Mills is adamant that he does not like “sloppy barbecue,” which has too much sauce and loses the texture of the pork. He serves his ribs with sweet, tomato-based Memphis style sauce.

Contrary to my assumption that barbecue is an imprecise process, Mills said the entire process is, in fact, measured and precise. He pulled out a shaker full of his secret dry rub and told me it was enough for exactly 18 racks of ribs. If he doesn’t have enough to get all 18 racks, he has used too much rub, and if he has some left over, he didn’t use enough.

“We just make it look easy, “ said Mills.

Drew Robinson (Jim ‘N Nick’s Bar-B-Q, Birmingham, Ala.)

Jim ‘N Nick’s Bar-B-Q
served up sausages with hot pimento cheese. Jim ‘N Nick’s strategy for making these sausages juicy, smoky and crispy is to smoke them first, then grill them to make sure the casing gets extra crispy.

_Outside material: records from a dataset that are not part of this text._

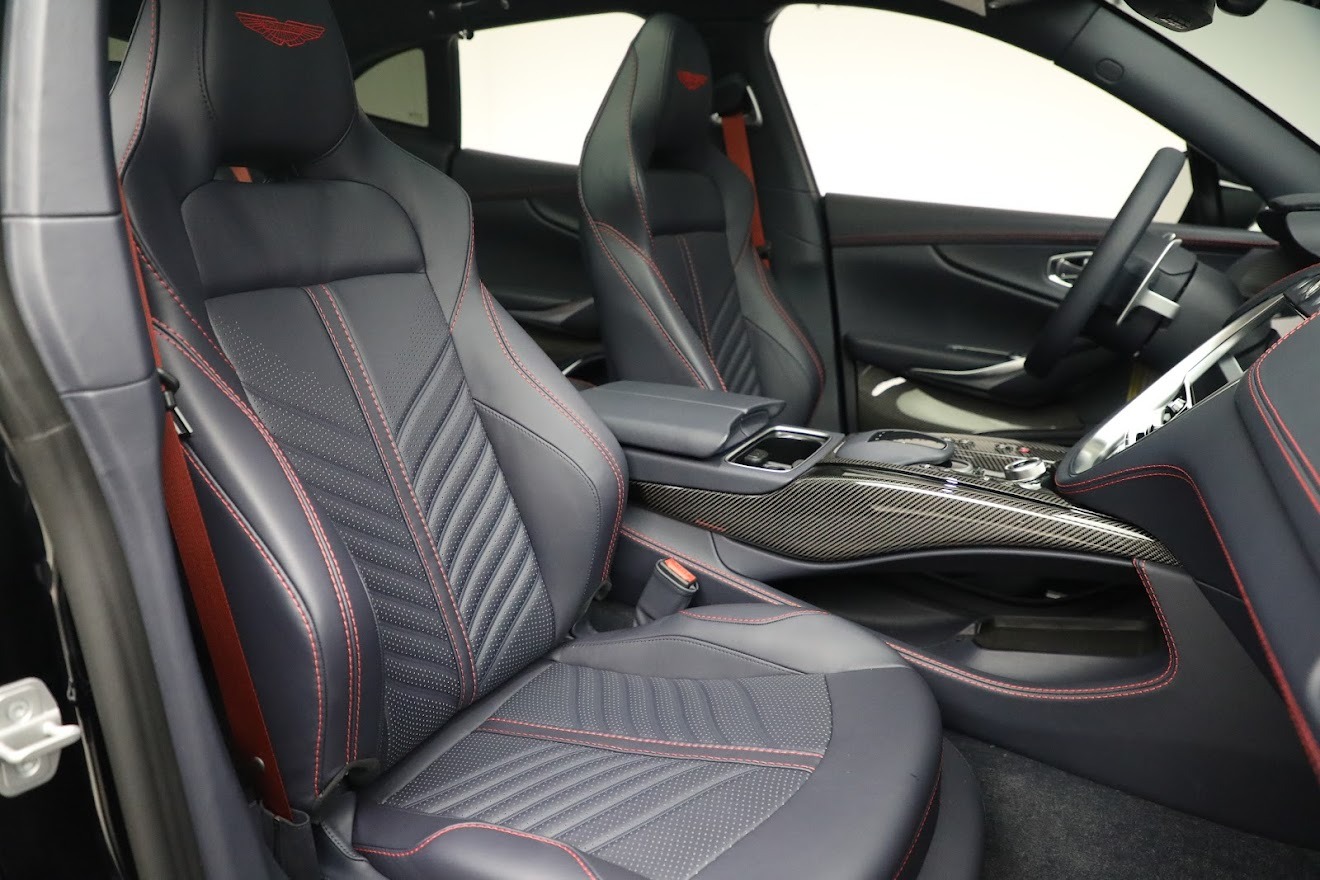 Used-2023-Aston-Martin-DBX-707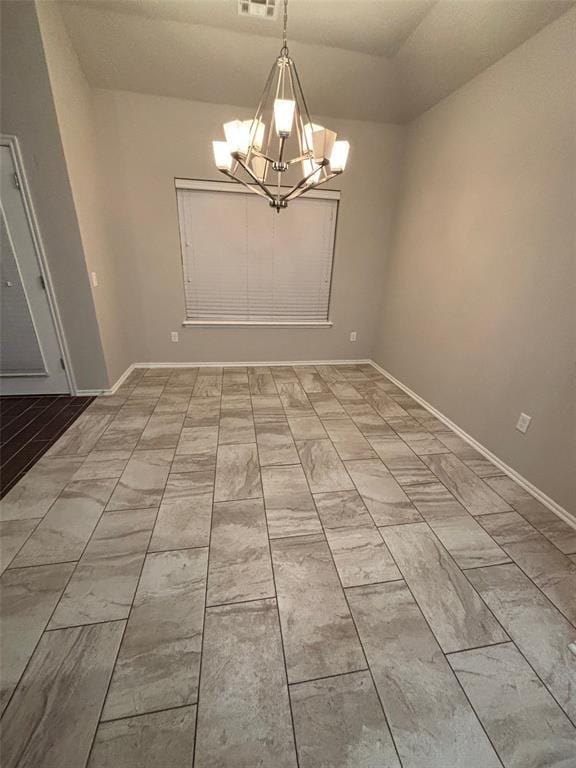 Building Photo - 724 Windy Ln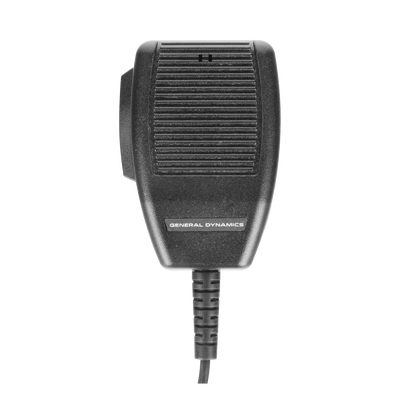 [VM-10042] Accesorio de Micrófono para Analizadores /R8000 /R8100.
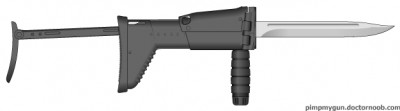 myweapon2.jpg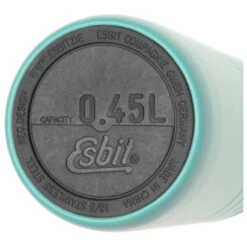 Esbit Thermobecher Majoris Mit Isolierverschluss -Camping Verkauf esbit thermobecher majoris mit isolierverschluss detail 3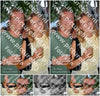 Evenement foto: 1189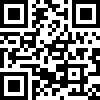 https://khabaronline.ir/x4Wb5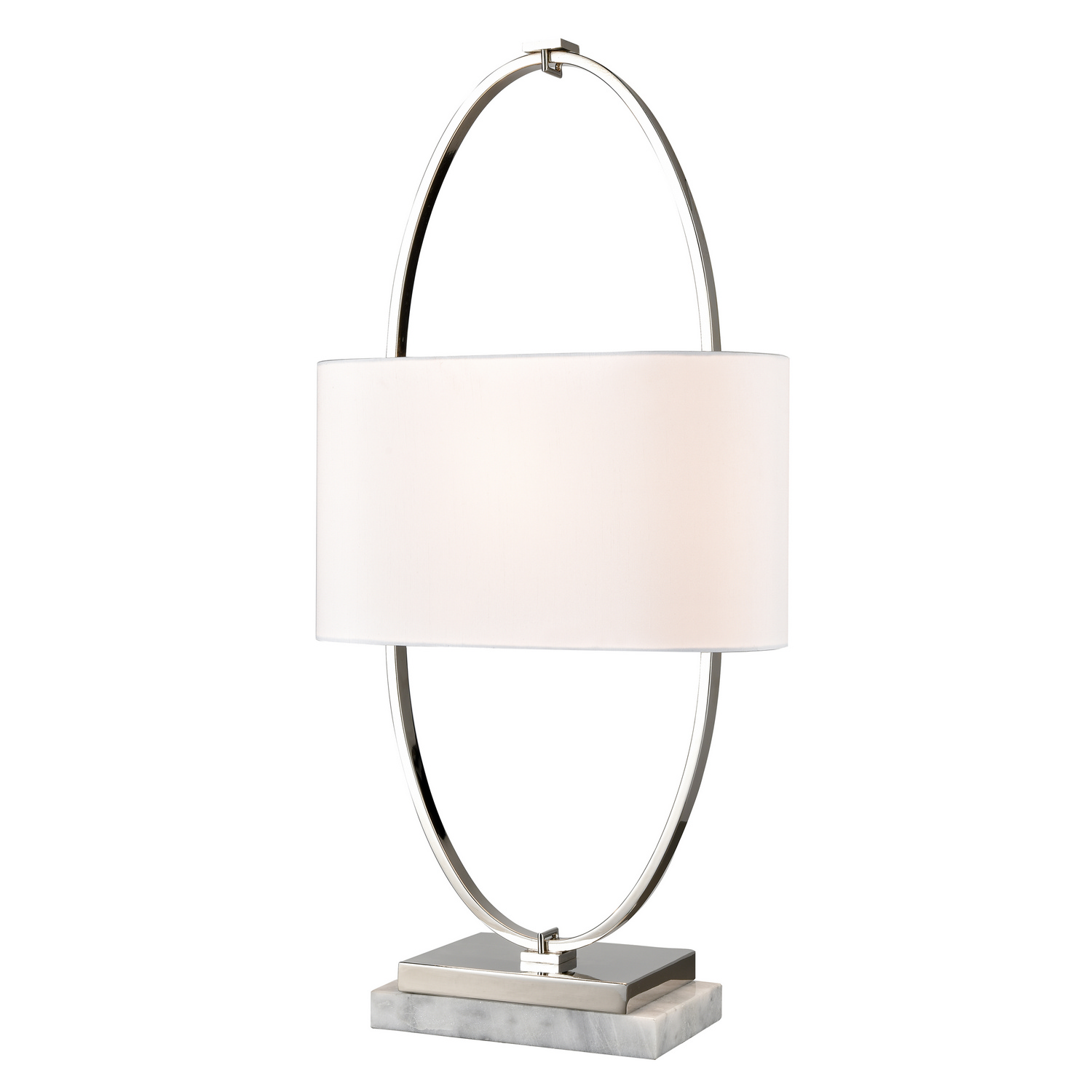 Gosforth 1-Light Ta… - image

Jim ‘N Nick’s Bar-B-Q pit master Drew Robinson, like all the other pit masters I spoke with, also learned how to barbecue from his family. More internationally influenced than many pit masters, Drew described a trip to Uruguay that he took with his competition team, the Fatback Collective.

The group visited Chef Francis Mallmann, ate at his restaurant El Garzón and had the opportunity to cook with several of Mallmann’s cooks in Uruguay. He enjoyed tasting and learning about Asado style barbecue. Experiencing another culture’s way of cooking barbecue made Drew realize how all barbecue has the same starting point - a whole animal – and then different techniques to give the meat totally different textures and flavors.

The Fatback Collective used some of their newly learned techniques to cook a whole lamb over an open flame for the exotic category in the Memphis in May competition this year.

Gary Roark (Ubon’s Yazoo City, Miss.)

I had the opportunity to chat with Garry Roark and his daughter Leslie, the “Barbecue Princess.” Roark’s father, Ubon, passed down the secret recipe for their famous sauce that has been handed down for five generations.

Ubon’s sauce gained national acclaim in the mid 80’s when Garry started competing in the barbecue circuit and producing the sauce on a large scale. The recipe is made in southeastern Missouri so it has “a Memphis flare with a nod to Kansas City.”